If some guy walked into our office and offered started to write my articles for me, I’d be somewhat appreciative, if not worried for my job security.
But if he then started asking the company for money, I’m pretty sure, and hopeful, that he’d be politely told to go through the regular channels and apply for a job.
Depending on how the industry is going, maybe my employer might keep him on as a freelancer, but given they have a paid-for resource (me!) they’ll either thank him for his time and tell him to move along, or charge him some pitiful rate so as to make it worthwhile for the company.
I’m not trying to get someone else to do my job (unless I’ve outsourced it to China or India), so why am I telling you this?
Because it’s exactly what happens when security researchers submit vulnerabilities and then get all angry when they receive a pittance for pay.
Take the perspective of companies like Cisco, IBM, Symantec, EMC and Huawei.

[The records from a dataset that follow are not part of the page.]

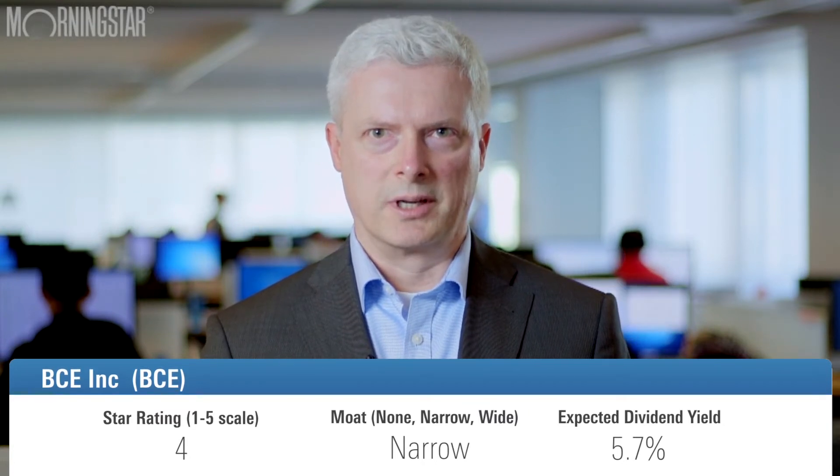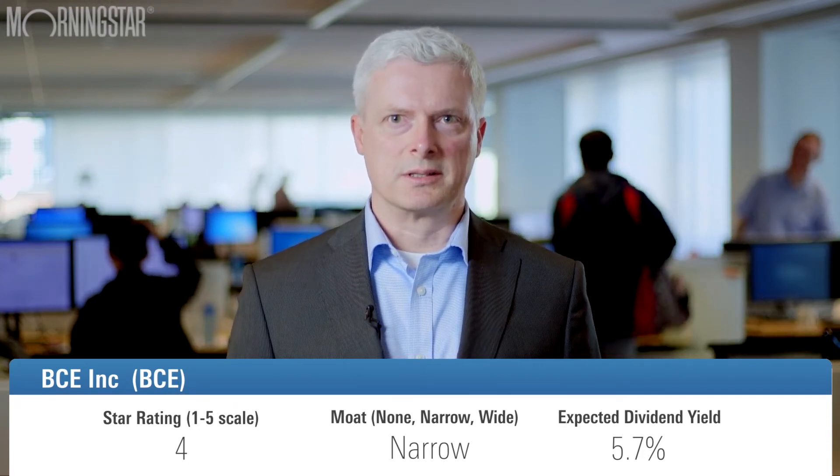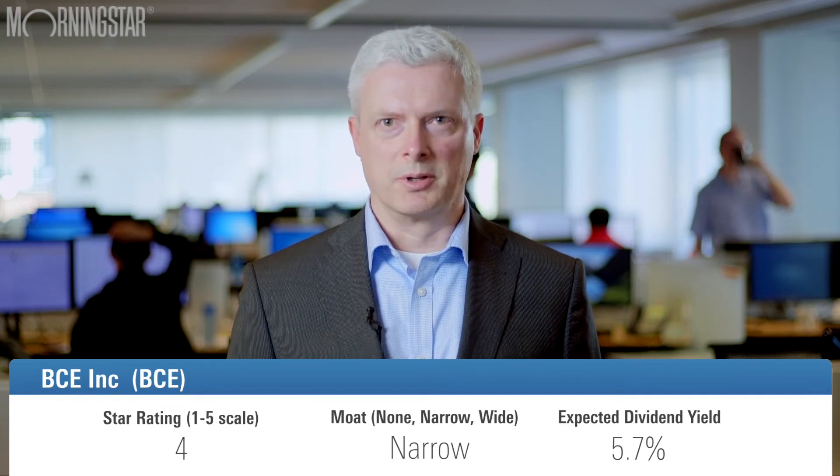BCE is currently a four-star rated stock with a narrow moat and a 5.7% expected dividend yield. We think BCE has significant upside from here given its current valuation and its favorable position as a Canadian provider of wireline and wireless services. Upside is expected to be driven by EBITDA margin expansion in its wireline segment, where BCE has a more significant presence because its network extends to about three quarters of Canada's population.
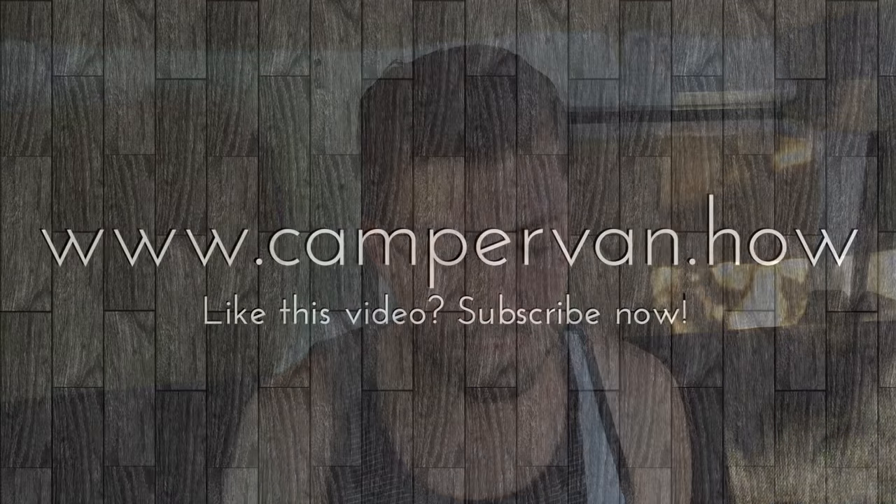Those are the major features of the van. As you may have picked up, the van is for sale — my life has changed a little bit, so I've decided to pursue some other opportunities. If you are interested, please send an email to mike@campervan.how. Thanks for watching.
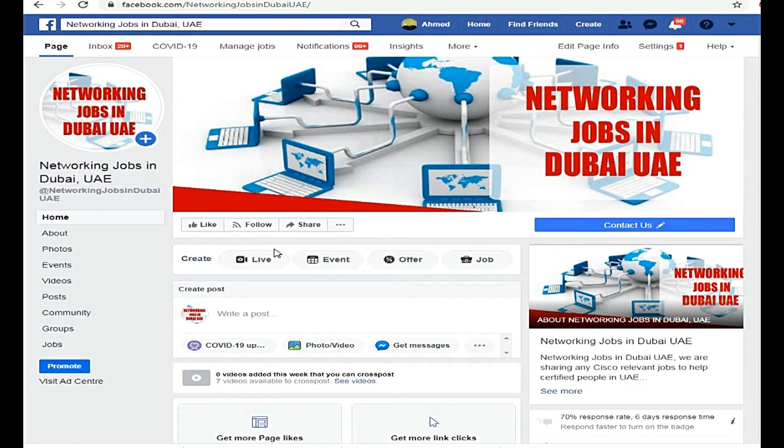Hello friends, how are you? I hope you will be fine. I'm on the Facebook page Networking Jobs in Dubai. We will check out which new jobs are coming, what are the processes, and how we can apply.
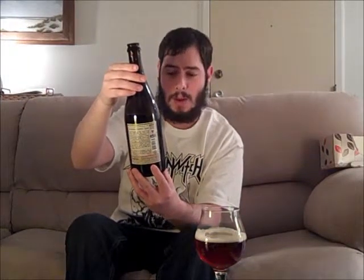Just like the other barrel aged beers from Boulevard, this one is not 100% barrel aged, but is rather a blend. So this is 16% ale and 84% ale aged in bourbon barrels with cherries added.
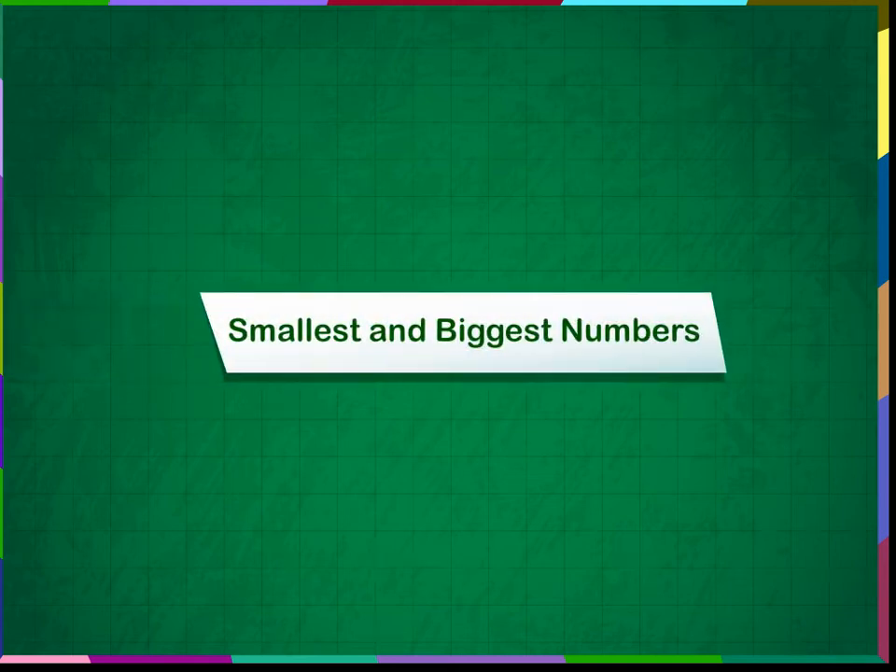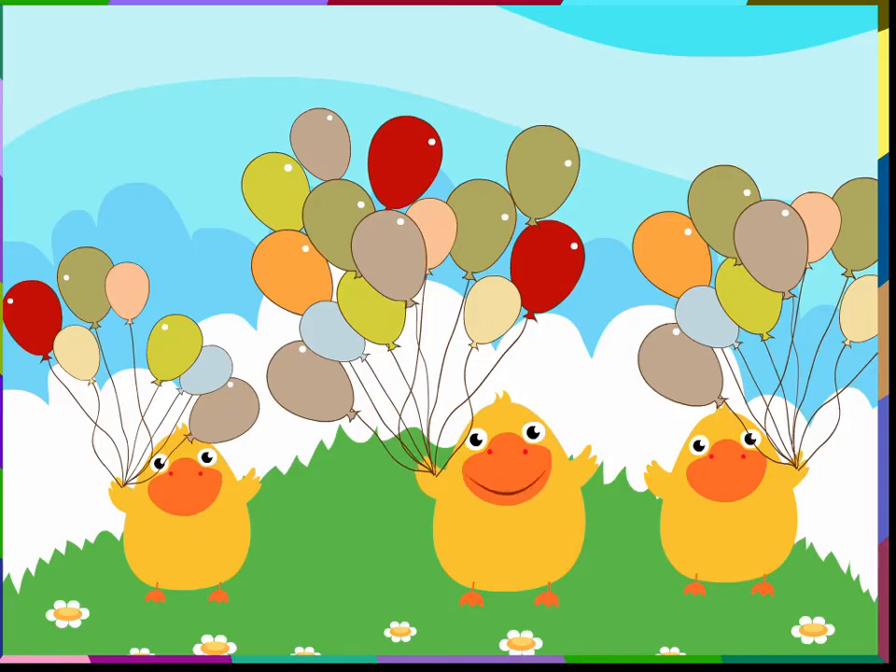Smallest and Biggest Numbers. I have 14 balloons. I have 7 balloons. I have 9 balloons. I have a big number. I have a bigger number than you. I have the biggest number of us all.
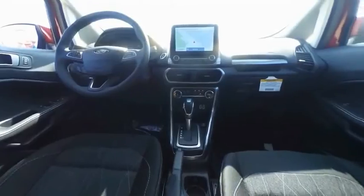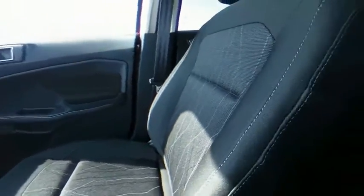If you like it online, you'll love it in your driveway. Take it for a spin today.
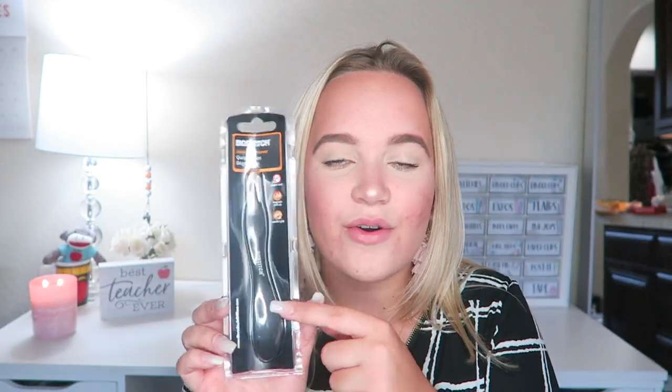Next I got a staple remover. This is a staple in a classroom. But this one is magnetic and it's super easy to hold. Since it's magnetic, the staples actually collect themselves. So when you do bulletin boards or something, it could be very easy to get the staples out. I feel like this is a must in a classroom.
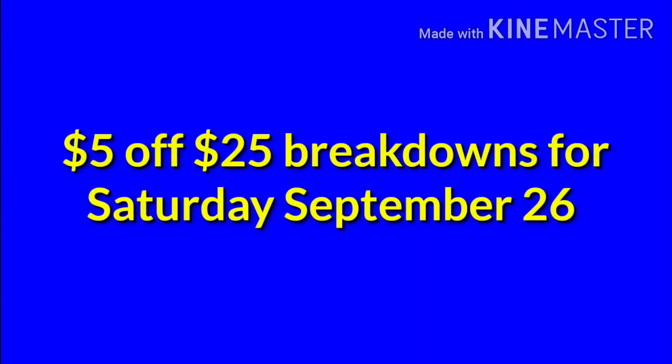Hello, welcome to my channel. Sorry I'm getting this video out late Thursday night guys, but it's better than not at all. So we're going to go over some $5 off of $25 breakdowns for Saturday, September 26 at Dollar General.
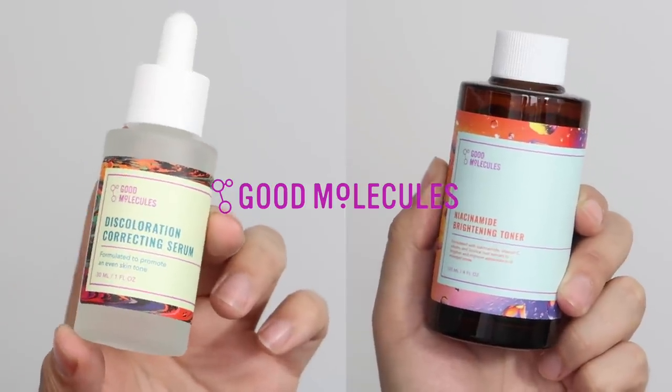The next brand I'm excited to talk about is Good Molecules — a brand a lot of you are probably already familiar with because many of you have been asking me to review it. Good Molecules is based on the idea of simple skincare that works. They offer products targeting skin issues like acne, redness, and hyperpigmentation without the usual retail markup price. Prices range from around six pounds for a serum to fifteen pounds for a cleansing balm. A standout product for me is their Niacinamide Brightening Toner, which has all the usual Niacinamide benefits plus Arbutin for hyperpigmentation, Licorice Root to brighten and soothe, and Vitamin C.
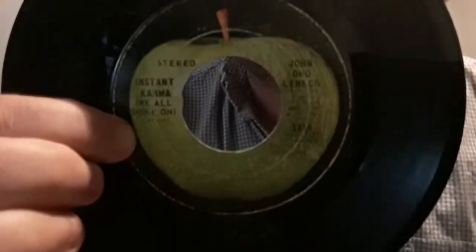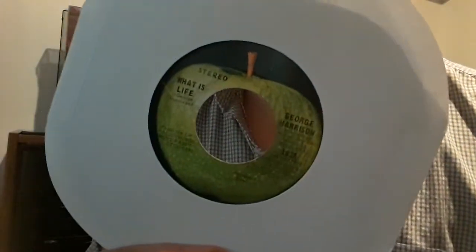And last but not least, just really quick, some 45s. Instant Karma Gonna Get You — that's Lennon. The Beatles: Let It Be. The Beatles: Long and Winding Road. And two more — George Harrison: My Sweet Lord, and George Harrison: What Is Life.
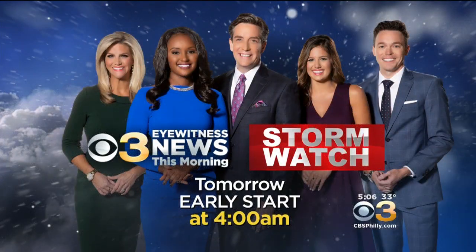The morning commute could be pretty difficult, so Eyewitness News is going on extra early for you. Jim, Rahel, Katie, Chandler, and Pat will start bright and early at 4 a.m. They'll have all your school closings and delays, as well as the latest weather and traffic updates.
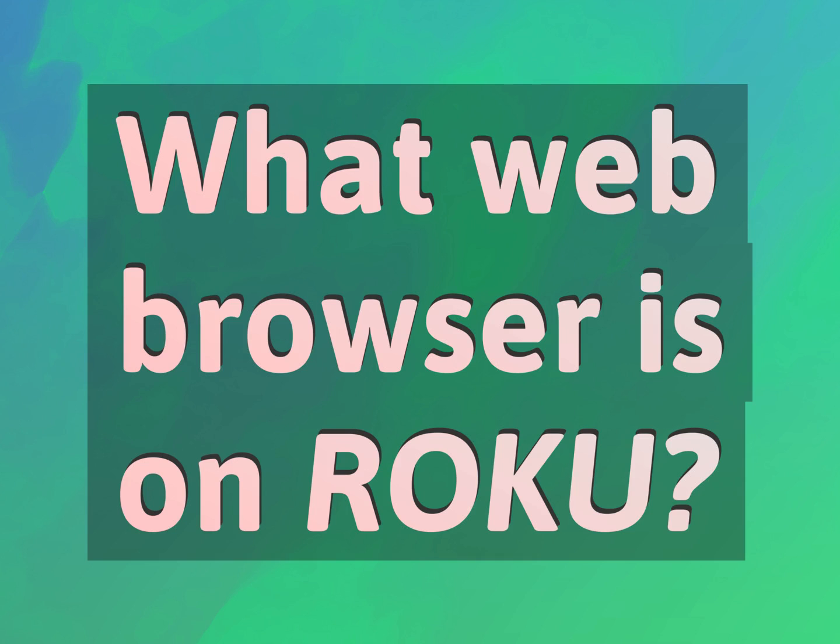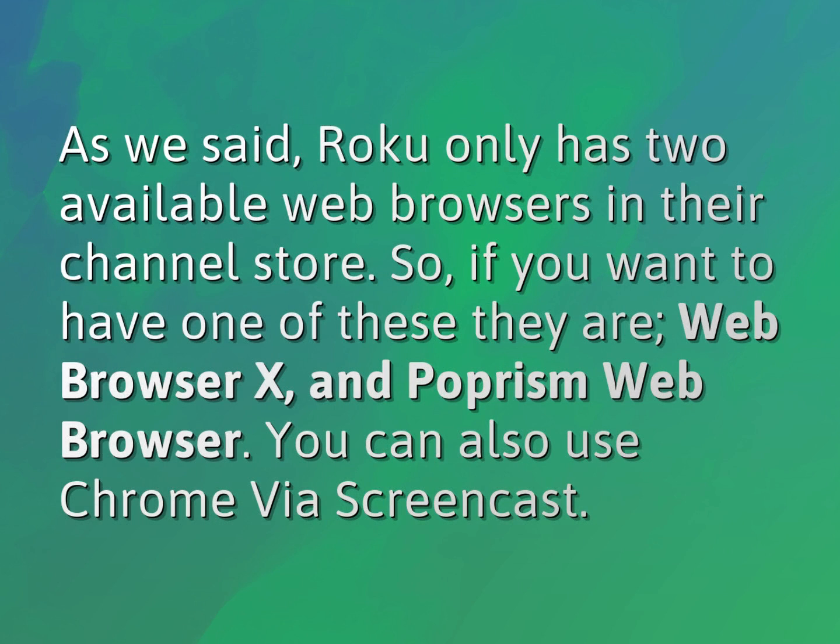What web browser is on Roku? Roku only has two available web browsers in their channel store. If you want to have one of these, they are Web Browser X and Poprism Web Browser. You can also use Chrome via Screencast.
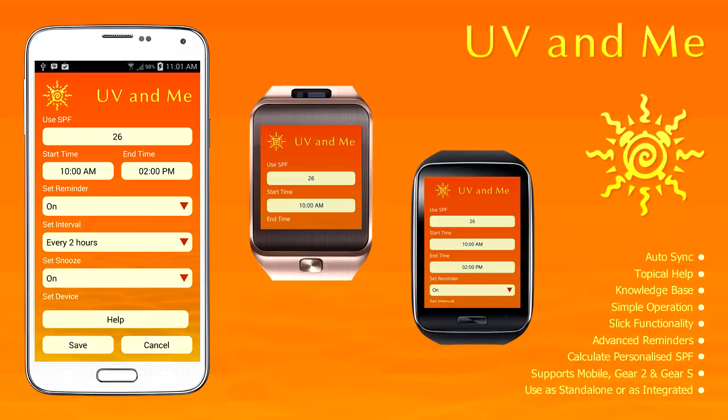You can also set snooze to on or off. Select the device that you want reminders to show up on — you can receive alerts on your Gear, mobile device, or both.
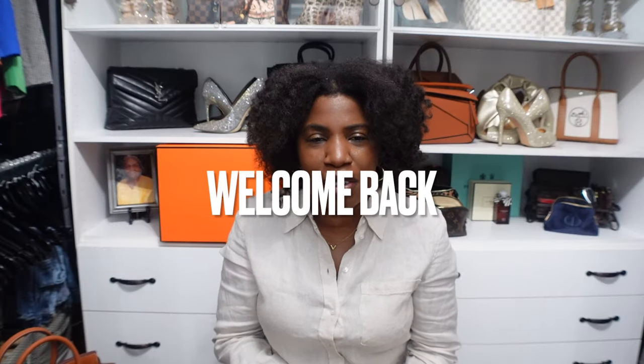Hey guys, welcome back to the channel. If you're new here, my name is Cheryl and on this channel we talk about all things beauty, fashion, and lifestyle. If you're interested in any of those things, please consider subscribing and hitting that notification bell so you don't miss another video.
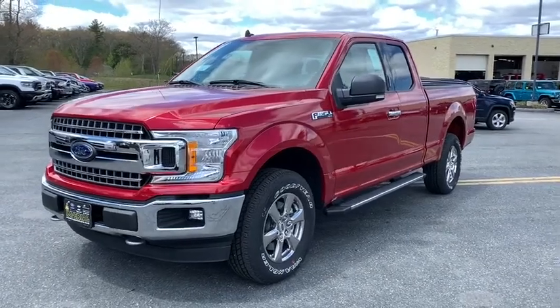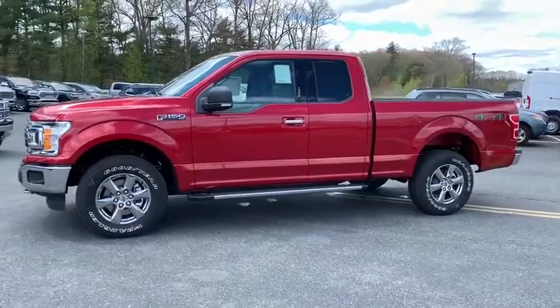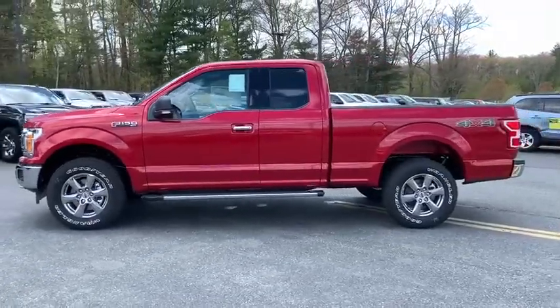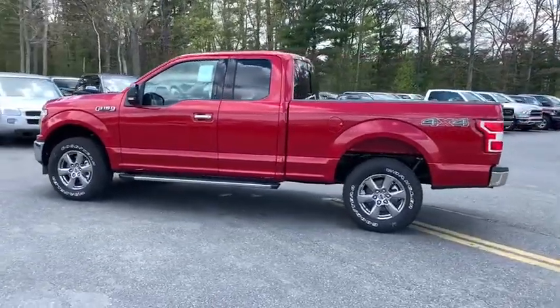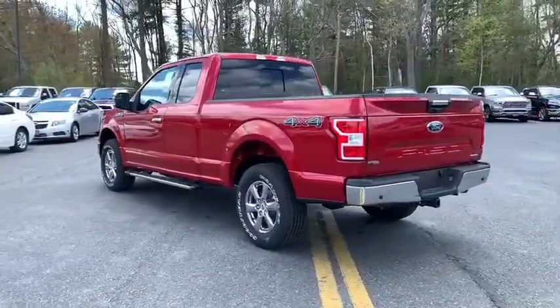Stop by and take a look at the 2020 Ford F-150. A Ford F-150 knows how to handle any situation. It's built to follow orders. No whining. Here are some of this vehicle's great options.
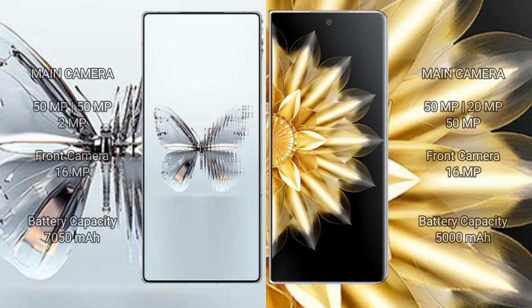Red Magic 10 Pro Plus rear triple camera setup: 50 MP plus 50 MP plus 2 MP, front camera 16 MP. Honor Magic V2 rear triple camera setup: 50 MP plus 20 MP plus 8 MP, front camera 16 MP.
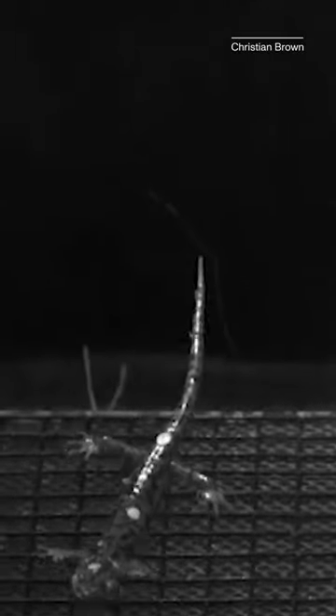Researchers at the University of South Florida and the University of California Berkeley studied the salamander's gliding skills by setting up a wind tunnel, mimicking the conditions of falling in air. They put both wandering and ground-dwelling salamanders in the tunnel.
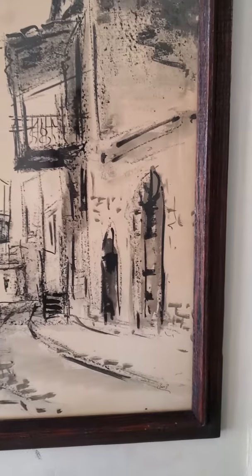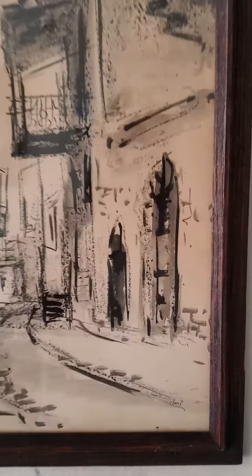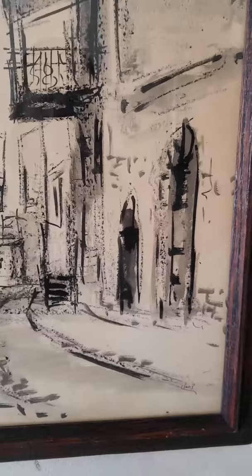Good morning. Today's painting we're going to discuss is Raffaele, also hanging in my living room for sale. Signature in the bottom right corner. It's a watercolor charcoal.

These are large companies that arguably have a large investment in security if they are not security companies themselves.
But they also do not pay or compensate security researchers that alert them to vulnerabilities.
And why should they?
If they are already investing in a security team which is meant to be catching these issues, then why pay someone else, especially when it’s hard enough to get a job at these places? Yes, it’s nice to have another set of eyes on the issue, and yes, outsider help is appreciated, but outsourcing this work is not sound business logic.
That said, most organisations that have a heart will realise that whether the researcher is a whitehat, greyhat or bluehat (as Microsoft puts it), they aren’t necessarily an arsehat.
A word of recognition, a t-shirt in the mail, a nicely worded email are often all that some researchers are looking for.
It is the equivalent of that guy being thanked and politely turned away.
When Yahoo sent researchers from High-Tech Bridge US$12.50 each for two cross-site scripting vulnerabilities, I don’t think it did anything wrong.
I’m not about to applaud mediocrity, but they are doing more than IBM and the like.
But it is wrong to believe that Yahoo thinks a cross-site scripting vulnerability is only worth US$12.50 because it assumes that Yahoo’s entire security relies completely on the reports of volunteers.
That may actually be the case, if Yahoo simply doesn’t care about security, but no one really has any idea what happens on Yahoo’s own security teams.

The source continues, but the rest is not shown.